Insight into in-situ chemical oxidation by Fe(II)-containing minerals: The role of inherent Fe(II)-OH in Fe(II)-Al LDHs

Abstract

Fe–OH–H–O–O–SO3 bond formation is an important mechanism for improving electron transfer and Fe(II)/Fe(III) cycling in iron-based materials for persulfate activation. However, Fe–OH has been mostly reported to be derived from surface-adsorbed water or Fe(III)–OH. The mechanism of the inherent Fe(II)–OH in the structure has been rarely reported. This study found that Fe(II)-Al layered double hydroxides (LDHs) with an inherent Fe(II)–OH structure in the environment can rapidly catalyze peroxymonosulfate (PMS) and degrade Bisphenol A (BPA) within a short time, even highly concentrated BPA. Through various characterizations and theoretical calculations, the Fe–OH–Fe and Fe–OH–Al in the metal layer of LDHs are suggested to have good electron conduction properties due to the Fe–OH in the structure, which contributes to the redox between Fe(II) and Fe(III). Meanwhile, LDHs have an excellent adsorption energy for PMS due to the special positive electric property of metal layers. The electrons can be effectively transferred to the adsorbed PMS through the Fe–OH bond, enabling quick PMS decomposition. Moreover, unlike the green rust with a similar structure, the presence of Al contributes to the structural stability of LDHs during the reaction process.
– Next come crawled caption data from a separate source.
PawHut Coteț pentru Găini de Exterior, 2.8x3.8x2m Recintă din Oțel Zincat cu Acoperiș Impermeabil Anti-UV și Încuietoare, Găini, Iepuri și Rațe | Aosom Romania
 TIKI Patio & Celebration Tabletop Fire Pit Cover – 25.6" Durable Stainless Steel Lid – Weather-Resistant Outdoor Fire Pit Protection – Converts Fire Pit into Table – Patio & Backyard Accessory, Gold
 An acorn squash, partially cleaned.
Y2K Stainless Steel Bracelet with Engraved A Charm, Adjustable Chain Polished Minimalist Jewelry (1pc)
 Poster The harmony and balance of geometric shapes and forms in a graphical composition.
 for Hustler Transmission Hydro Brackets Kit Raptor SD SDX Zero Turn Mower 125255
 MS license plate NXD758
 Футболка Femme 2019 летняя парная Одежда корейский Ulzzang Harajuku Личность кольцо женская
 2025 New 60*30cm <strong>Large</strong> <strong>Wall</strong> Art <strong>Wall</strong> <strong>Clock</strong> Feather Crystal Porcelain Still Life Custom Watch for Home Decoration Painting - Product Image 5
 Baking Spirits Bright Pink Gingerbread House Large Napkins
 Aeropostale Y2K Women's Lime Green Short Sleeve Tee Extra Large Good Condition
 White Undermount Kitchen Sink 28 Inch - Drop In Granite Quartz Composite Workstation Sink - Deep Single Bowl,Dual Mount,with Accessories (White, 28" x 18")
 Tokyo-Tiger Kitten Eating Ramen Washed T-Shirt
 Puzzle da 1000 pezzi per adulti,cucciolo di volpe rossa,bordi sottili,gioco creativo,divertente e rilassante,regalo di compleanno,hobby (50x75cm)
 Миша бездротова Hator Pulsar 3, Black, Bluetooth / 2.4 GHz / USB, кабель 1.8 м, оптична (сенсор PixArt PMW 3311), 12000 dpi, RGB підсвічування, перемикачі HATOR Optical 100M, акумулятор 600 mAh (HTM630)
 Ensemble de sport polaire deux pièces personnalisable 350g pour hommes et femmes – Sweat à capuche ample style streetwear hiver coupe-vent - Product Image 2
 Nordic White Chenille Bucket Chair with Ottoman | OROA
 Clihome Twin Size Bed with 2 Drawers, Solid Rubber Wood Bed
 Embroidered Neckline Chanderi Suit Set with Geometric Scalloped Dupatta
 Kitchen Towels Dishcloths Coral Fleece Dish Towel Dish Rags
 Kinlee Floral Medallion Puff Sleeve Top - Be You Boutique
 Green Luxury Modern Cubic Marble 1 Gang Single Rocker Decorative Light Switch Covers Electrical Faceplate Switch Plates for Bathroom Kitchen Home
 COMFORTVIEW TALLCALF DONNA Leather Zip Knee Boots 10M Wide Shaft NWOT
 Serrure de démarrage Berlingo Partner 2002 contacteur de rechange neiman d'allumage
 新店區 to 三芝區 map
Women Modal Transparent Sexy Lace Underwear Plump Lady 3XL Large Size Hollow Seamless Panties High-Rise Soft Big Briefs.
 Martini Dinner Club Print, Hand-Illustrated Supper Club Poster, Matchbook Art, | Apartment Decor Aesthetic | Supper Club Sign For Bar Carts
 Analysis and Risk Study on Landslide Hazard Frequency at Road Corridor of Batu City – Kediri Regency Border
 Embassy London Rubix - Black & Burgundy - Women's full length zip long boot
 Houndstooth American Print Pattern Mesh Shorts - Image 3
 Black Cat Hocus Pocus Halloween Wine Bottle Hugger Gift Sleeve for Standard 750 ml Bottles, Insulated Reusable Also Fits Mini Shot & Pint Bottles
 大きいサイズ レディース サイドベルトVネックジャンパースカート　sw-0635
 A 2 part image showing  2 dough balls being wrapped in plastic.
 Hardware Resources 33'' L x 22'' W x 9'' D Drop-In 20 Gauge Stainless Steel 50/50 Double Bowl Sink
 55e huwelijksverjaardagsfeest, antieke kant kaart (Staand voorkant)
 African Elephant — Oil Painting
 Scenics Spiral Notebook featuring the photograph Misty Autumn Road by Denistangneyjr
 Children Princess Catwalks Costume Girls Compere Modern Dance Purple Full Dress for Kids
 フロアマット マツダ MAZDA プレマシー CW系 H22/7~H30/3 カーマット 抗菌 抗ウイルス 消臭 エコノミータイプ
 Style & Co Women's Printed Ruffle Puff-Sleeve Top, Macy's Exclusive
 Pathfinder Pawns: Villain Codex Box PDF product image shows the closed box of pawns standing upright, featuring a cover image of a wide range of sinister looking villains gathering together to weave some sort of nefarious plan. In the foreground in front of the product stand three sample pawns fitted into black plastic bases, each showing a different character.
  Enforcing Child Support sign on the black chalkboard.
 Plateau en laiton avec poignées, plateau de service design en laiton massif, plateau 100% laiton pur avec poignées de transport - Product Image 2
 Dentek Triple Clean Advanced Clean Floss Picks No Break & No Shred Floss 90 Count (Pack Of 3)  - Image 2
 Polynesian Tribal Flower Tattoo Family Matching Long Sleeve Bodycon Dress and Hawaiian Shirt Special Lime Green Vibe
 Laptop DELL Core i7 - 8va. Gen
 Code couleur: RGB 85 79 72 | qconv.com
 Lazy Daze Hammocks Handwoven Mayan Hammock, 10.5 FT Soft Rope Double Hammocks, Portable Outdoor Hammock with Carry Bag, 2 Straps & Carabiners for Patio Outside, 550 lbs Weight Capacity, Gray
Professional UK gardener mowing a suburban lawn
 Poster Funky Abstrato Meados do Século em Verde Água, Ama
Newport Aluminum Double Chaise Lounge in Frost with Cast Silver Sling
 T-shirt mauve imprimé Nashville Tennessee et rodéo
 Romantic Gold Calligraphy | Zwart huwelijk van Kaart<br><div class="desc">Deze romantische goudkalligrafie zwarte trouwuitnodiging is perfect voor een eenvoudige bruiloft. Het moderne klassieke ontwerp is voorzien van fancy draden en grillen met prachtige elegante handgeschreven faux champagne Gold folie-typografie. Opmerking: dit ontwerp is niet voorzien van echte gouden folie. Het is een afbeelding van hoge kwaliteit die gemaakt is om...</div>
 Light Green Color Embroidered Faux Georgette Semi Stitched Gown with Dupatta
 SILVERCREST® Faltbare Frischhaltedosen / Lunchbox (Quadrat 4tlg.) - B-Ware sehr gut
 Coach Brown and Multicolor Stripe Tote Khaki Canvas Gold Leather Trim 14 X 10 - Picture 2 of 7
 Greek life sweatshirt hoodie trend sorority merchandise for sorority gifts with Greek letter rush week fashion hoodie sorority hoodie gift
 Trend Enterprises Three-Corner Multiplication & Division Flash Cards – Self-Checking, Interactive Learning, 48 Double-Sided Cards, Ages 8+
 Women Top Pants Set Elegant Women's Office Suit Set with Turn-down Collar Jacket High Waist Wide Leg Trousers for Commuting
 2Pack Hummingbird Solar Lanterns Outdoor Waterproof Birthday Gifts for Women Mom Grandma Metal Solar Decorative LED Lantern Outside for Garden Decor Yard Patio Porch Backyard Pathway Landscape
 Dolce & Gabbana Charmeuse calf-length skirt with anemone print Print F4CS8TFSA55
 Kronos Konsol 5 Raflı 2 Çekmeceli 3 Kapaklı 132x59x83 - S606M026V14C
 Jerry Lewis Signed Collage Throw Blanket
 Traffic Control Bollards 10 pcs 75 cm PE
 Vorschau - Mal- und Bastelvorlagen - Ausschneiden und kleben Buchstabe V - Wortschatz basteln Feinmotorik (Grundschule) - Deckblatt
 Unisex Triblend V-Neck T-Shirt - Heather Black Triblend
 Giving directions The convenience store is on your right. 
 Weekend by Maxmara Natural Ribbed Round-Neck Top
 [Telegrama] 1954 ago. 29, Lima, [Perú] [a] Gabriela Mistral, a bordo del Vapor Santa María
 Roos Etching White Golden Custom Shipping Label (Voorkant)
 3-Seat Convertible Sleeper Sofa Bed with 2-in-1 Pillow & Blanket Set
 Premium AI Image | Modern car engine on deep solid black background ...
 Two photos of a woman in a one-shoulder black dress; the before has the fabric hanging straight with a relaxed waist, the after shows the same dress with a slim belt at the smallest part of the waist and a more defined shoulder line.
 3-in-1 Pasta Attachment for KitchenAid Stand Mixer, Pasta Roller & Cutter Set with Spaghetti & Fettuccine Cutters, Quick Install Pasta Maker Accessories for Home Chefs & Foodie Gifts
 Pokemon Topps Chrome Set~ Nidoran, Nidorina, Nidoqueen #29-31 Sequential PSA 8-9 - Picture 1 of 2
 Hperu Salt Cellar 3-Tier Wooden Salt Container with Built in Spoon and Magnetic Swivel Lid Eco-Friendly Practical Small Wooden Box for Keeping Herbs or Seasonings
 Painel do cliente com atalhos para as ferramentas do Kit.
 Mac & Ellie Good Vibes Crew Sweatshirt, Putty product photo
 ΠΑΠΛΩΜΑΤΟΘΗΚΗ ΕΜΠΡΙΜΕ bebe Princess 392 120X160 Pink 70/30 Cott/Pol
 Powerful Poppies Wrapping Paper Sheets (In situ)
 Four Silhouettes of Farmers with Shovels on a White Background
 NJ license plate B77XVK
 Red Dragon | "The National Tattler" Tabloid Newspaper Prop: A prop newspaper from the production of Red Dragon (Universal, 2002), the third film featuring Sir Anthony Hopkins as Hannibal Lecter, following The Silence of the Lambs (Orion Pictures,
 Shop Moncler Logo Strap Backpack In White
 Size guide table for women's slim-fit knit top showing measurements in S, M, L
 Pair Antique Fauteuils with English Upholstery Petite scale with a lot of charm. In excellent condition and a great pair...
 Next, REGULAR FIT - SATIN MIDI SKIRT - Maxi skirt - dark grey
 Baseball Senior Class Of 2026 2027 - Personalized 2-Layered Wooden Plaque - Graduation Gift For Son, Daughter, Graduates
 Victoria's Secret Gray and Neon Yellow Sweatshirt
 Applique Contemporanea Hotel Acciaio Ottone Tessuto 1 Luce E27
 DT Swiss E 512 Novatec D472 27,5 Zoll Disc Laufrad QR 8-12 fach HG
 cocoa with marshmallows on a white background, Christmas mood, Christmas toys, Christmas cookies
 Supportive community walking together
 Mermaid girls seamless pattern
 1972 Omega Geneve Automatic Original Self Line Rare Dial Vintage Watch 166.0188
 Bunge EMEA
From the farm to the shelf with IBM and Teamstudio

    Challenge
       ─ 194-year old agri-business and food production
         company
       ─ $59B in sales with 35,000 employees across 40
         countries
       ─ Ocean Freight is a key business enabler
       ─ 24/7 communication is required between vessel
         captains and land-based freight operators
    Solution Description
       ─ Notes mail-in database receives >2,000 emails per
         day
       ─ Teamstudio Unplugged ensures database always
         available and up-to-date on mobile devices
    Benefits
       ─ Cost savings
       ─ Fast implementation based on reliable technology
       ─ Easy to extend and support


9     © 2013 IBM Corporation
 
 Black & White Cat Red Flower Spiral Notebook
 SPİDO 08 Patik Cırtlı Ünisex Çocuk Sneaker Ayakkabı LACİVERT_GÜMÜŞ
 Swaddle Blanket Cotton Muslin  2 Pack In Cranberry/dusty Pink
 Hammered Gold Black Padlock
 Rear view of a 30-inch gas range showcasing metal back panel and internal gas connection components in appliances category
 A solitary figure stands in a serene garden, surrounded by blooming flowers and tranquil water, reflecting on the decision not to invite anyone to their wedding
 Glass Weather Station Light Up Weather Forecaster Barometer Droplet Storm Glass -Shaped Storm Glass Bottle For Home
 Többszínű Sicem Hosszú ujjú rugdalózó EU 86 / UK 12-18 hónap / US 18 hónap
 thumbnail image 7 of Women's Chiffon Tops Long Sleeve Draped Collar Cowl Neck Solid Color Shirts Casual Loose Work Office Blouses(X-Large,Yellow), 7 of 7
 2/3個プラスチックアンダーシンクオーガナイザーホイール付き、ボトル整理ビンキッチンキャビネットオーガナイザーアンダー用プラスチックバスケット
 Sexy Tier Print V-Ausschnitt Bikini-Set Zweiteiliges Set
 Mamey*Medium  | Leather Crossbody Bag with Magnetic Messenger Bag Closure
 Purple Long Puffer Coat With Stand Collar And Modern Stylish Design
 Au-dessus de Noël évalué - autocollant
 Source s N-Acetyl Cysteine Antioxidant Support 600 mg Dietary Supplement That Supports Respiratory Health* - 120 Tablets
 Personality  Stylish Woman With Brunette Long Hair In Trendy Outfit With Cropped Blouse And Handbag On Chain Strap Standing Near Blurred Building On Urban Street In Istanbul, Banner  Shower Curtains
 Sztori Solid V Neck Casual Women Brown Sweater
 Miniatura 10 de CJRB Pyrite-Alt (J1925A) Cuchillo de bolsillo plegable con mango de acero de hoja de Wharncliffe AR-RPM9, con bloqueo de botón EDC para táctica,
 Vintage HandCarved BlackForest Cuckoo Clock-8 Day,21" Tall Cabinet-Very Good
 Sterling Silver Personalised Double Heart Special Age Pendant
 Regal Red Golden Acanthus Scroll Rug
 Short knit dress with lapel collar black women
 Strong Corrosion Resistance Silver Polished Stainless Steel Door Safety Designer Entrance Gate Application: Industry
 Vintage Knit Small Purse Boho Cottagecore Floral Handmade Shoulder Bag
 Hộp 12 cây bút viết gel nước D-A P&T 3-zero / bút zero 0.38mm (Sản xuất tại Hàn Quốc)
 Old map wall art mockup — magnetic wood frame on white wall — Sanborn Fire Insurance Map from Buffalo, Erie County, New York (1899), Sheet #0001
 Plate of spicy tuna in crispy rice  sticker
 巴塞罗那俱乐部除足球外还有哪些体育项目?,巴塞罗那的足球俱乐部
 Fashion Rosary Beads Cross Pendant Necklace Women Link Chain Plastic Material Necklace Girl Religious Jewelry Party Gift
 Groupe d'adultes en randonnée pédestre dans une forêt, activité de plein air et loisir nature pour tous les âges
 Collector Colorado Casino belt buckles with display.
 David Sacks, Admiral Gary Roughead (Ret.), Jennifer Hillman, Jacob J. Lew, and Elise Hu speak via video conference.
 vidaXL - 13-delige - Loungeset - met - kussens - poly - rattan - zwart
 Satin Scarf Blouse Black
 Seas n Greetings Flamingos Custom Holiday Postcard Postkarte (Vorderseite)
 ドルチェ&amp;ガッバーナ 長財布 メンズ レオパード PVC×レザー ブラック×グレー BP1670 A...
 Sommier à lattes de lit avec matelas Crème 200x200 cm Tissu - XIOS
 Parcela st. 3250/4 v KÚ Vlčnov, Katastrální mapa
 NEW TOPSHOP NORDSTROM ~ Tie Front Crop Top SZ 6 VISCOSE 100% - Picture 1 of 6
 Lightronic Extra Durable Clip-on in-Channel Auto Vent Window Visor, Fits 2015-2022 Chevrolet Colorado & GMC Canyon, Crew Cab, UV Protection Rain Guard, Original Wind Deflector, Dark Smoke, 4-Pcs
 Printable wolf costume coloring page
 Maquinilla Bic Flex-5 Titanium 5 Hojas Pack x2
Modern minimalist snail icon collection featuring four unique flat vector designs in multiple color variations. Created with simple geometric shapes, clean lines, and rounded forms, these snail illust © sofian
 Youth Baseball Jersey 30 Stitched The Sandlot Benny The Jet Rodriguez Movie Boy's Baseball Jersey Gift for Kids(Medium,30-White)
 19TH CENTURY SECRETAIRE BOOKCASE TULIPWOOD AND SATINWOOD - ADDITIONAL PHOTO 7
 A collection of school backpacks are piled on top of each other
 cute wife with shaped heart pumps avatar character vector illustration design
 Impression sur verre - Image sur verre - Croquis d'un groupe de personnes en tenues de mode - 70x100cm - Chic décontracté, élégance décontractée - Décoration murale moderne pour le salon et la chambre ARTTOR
Furthermore, the part of the in-situ structural changes (from LDHs to green rust) caused by the transformation of Fe(II) to Fe(III) also contributes to the improvement of the activation efficiency because oxygen vacancies are generated in this process. Considering that Fe(II)-Al LDHs exist in groundwater and soil, the inherent Fe-OH in their structure plays a key role in in-situ chemical oxidation. Therefore, this work provides a new perspective for the in-situ chemical oxidation of persulfate by natural Fe(II) containing minerals.